DIRECTIONS —
All that is wanted is an exact copy of the line containing "Adidas ZX 800, Star" and the lines after it, through the end of the records.

Items listed in a dataset:
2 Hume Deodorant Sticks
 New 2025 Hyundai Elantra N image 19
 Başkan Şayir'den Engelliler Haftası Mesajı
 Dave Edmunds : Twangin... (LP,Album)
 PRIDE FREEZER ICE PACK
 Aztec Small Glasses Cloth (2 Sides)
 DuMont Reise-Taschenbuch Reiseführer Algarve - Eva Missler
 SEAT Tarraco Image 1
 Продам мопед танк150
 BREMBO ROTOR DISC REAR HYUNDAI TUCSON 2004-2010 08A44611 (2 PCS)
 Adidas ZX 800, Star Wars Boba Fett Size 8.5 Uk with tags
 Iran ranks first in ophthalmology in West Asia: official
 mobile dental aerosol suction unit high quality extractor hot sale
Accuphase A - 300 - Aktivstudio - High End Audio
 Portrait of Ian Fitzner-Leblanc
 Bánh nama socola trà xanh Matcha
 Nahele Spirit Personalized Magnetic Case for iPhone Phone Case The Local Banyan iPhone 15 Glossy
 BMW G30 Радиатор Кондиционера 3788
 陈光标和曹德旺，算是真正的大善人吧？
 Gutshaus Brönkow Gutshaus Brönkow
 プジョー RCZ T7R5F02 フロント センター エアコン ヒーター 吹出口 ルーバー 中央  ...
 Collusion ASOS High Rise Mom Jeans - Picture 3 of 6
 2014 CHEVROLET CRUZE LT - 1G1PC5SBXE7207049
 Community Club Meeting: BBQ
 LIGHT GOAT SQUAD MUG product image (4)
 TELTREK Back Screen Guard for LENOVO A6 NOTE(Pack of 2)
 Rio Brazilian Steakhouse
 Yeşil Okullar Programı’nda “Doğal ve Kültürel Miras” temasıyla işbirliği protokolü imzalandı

ANSWER SPACE —
 Adidas ZX 800, Star Wars Boba Fett Size 8.5 Uk with tags
 Iran ranks first in ophthalmology in West Asia: official
 mobile dental aerosol suction unit high quality extractor hot sale
Accuphase A - 300 - Aktivstudio - High End Audio
 Portrait of Ian Fitzner-Leblanc
 Bánh nama socola trà xanh Matcha
 Nahele Spirit Personalized Magnetic Case for iPhone Phone Case The Local Banyan iPhone 15 Glossy
 BMW G30 Радиатор Кондиционера 3788
 陈光标和曹德旺，算是真正的大善人吧？
 Gutshaus Brönkow Gutshaus Brönkow
 プジョー RCZ T7R5F02 フロント センター エアコン ヒーター 吹出口 ルーバー 中央  ...
 Collusion ASOS High Rise Mom Jeans - Picture 3 of 6
 2014 CHEVROLET CRUZE LT - 1G1PC5SBXE7207049
 Community Club Meeting: BBQ
 LIGHT GOAT SQUAD MUG product image (4)
 TELTREK Back Screen Guard for LENOVO A6 NOTE(Pack of 2)
 Rio Brazilian Steakhouse
 Yeşil Okullar Programı’nda “Doğal ve Kültürel Miras” temasıyla işbirliği protokolü imzalandı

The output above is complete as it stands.